SACP’s MONEY LAID BARE
The SA Communist Party (SACP) has, over the past five years, spent seven times more on security for its leaders across the country. The party’s financial report, which City Press has seen, shows that just less than R2 million was spent on protecting the party’s top brass in the year that ended in December. This compared with its last elective conference in 2012, when the party spent only R270 000 protecting its leaders.
The figure is astounding, given that the SACP has, over the course of time, found itself in financial distress and living off donations from sympathetic affiliates of labour federation Cosatu. While its membership has grown over the past five years, the report shows that it is still failing to attract professionals to its ranks and that current members are not contributing to the party’s coffers.
In the recent past, the party’s bosses have come under fire, with some having even received death threats, as part of existing tensions with its alliance partners, the ANC and Cosatu.
This has forced the SACP to repeatedly beef up security for its senior leaders, including its vocal first deputy general secretary Solly Mapaila, who has survived hijackings and being shot at.
Economic Freedom Fighters leader Julius Malema also recently warned Mapaila to watch his back as a result of his constant criticism of President Jacob Zuma and his links with the Gupta family.
At the commemoration ceremony of slain SACP leader Chris Hani in April, Zuma delivered a speech and left. As Mapaila was taking to the stage, an assailant was seen on video footage pulling out a gun, and then putting it back in his jacket.
SACP treasurer Joyce Moloi-Moropa received death threats from unknown people while she chaired the portfolio committee on communications in Parliament in 2015. These allegedly included attempts to force her off the road.

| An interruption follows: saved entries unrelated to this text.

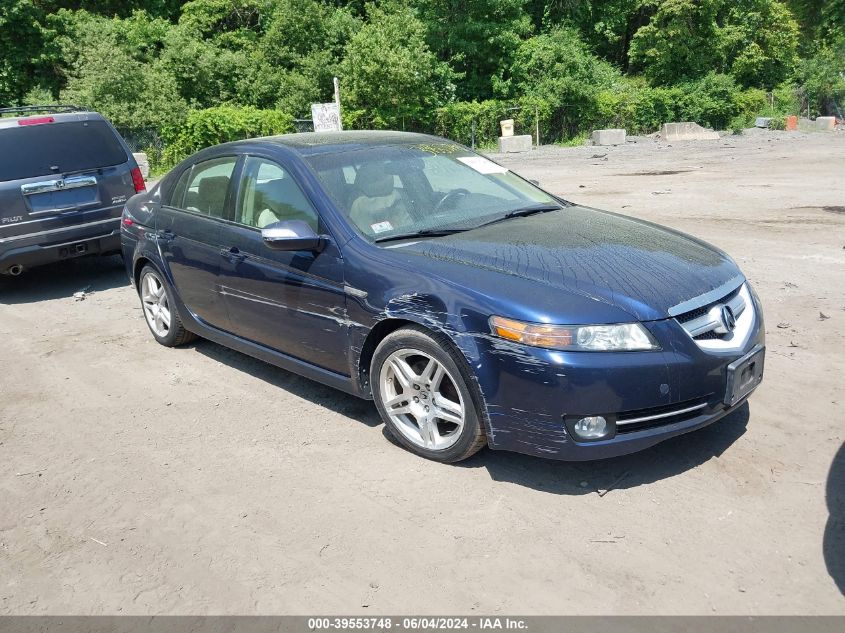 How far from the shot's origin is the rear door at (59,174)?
7996mm

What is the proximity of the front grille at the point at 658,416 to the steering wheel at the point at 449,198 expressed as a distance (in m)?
1.81

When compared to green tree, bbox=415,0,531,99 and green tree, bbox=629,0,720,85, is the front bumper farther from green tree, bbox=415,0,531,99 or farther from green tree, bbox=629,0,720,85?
green tree, bbox=629,0,720,85

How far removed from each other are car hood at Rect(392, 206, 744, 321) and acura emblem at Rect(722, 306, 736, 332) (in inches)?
3.4

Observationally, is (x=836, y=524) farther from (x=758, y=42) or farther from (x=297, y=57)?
(x=758, y=42)

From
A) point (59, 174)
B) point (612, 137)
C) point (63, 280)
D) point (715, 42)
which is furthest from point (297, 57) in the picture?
point (59, 174)

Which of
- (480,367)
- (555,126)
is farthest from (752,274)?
(555,126)

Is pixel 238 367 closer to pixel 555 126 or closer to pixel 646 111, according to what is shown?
pixel 555 126

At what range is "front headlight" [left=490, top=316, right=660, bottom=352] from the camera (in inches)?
140

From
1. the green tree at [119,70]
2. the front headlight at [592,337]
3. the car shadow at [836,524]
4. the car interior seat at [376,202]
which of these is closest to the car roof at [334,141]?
the car interior seat at [376,202]

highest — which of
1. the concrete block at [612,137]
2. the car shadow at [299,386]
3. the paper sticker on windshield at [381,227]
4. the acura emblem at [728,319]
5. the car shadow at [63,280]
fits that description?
the paper sticker on windshield at [381,227]

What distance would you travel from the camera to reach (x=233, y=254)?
16.8 ft

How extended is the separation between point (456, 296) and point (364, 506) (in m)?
1.11

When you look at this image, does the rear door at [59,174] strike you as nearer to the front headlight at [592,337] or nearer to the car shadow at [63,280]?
the car shadow at [63,280]

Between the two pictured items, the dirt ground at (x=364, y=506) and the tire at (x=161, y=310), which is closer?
the dirt ground at (x=364, y=506) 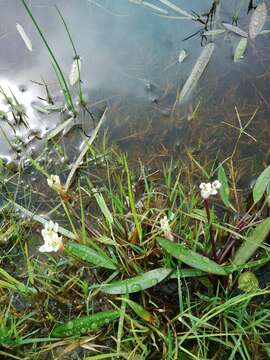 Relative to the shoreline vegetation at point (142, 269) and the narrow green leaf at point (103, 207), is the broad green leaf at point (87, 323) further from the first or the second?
the narrow green leaf at point (103, 207)

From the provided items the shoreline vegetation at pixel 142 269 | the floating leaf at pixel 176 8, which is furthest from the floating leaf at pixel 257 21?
the shoreline vegetation at pixel 142 269

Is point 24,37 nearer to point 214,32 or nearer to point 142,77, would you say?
point 142,77

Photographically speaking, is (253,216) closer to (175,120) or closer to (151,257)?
(151,257)

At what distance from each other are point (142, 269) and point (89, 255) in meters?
0.18

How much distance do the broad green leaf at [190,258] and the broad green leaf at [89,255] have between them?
20cm

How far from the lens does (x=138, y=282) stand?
1440mm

Moloi-Moropa, together with SACP boss Blade Nzimande, claimed in 2015 that they were “in danger for criticising the deal between the SABC and MultiChoice”.

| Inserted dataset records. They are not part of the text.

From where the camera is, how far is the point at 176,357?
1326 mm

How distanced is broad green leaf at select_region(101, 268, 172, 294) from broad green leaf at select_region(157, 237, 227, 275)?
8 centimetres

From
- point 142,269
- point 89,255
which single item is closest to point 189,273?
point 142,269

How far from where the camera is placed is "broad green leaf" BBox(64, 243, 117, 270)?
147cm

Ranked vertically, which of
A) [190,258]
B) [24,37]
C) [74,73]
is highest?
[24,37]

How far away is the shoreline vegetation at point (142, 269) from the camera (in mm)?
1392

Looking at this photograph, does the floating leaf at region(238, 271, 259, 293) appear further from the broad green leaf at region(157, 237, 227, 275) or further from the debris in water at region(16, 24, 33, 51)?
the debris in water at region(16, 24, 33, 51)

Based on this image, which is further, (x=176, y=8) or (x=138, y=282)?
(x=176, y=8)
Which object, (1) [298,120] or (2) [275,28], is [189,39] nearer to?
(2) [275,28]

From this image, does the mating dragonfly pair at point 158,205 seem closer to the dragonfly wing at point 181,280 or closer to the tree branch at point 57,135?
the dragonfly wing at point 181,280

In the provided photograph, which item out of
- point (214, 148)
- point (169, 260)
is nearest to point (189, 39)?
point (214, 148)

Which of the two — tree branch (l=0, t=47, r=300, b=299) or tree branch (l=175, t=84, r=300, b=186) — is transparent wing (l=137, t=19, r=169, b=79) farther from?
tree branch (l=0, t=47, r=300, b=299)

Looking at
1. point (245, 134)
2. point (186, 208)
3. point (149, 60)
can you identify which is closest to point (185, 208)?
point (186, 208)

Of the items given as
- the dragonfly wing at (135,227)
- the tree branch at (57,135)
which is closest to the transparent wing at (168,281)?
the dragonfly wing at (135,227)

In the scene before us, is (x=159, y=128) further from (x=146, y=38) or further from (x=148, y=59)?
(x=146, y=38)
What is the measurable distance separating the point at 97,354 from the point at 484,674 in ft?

Moloi-Moropa quit her job in Parliament last year and returned to the SACP’s headquarters.
In 2015, City Press obtained a letter of resignation she had written to ANC secretary-general Gwede Mantashe, requesting to be relieved of her duties and citing her frustration at being forced to take positions and pursue policies that were different from those of the governing party.
The SACP made it known last year that it was under siege, claiming its leaders were being followed and their phones bugged by people who Nzimande referred to as “parasites” trying to paralyse the ANC and its alliance partners.

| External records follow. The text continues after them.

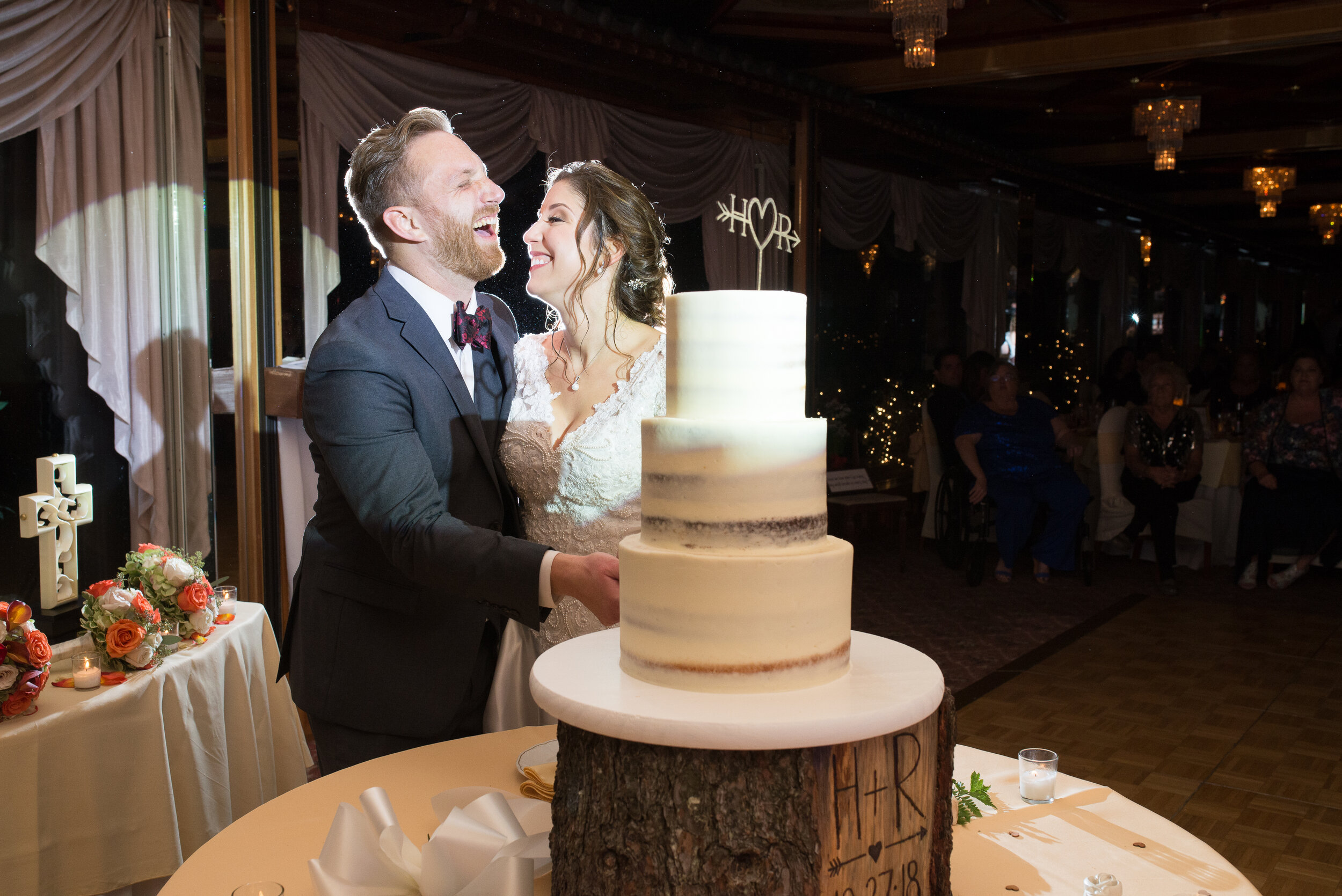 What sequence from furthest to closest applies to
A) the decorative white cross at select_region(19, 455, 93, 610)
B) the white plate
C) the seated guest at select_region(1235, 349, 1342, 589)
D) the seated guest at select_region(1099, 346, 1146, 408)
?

In a recent interview with City Press, Nzimande said there was “no doubt that the security of the party leadership as a whole is under threat”.
However, he said death threats against any of them would not deter them from fighting against monopoly capital and “elements that are looting the state and weakening our capacity to deal with monopoly capital”.
So worried is the SACP that it even provides protection for Young Communist League national secretary Mluleki Dlelanga and some provincial leaders.
With mounting strain on its finances, the SACP says it plans to increase its cash reserves by establishing an endowment fund into which members, alliance partners and other interested donors can make charitable donations.
The party’s Central Committee members will be forced to contribute an amount of R100 monthly towards the fund.
“A clear campaign has to be run for the endowment fund whereby all members make an annual once-off contribution and invite unions and alliance partners to contribute at least R100 000,” reads the report.
“The fund will become a permanent endowment of financial support and a living memorial.”
The fund will not be touched until it hits the R100 million mark.
The party also wants to partner with interested organisations – including civil society, think-tanks and cooperatives – to increase funding contributions.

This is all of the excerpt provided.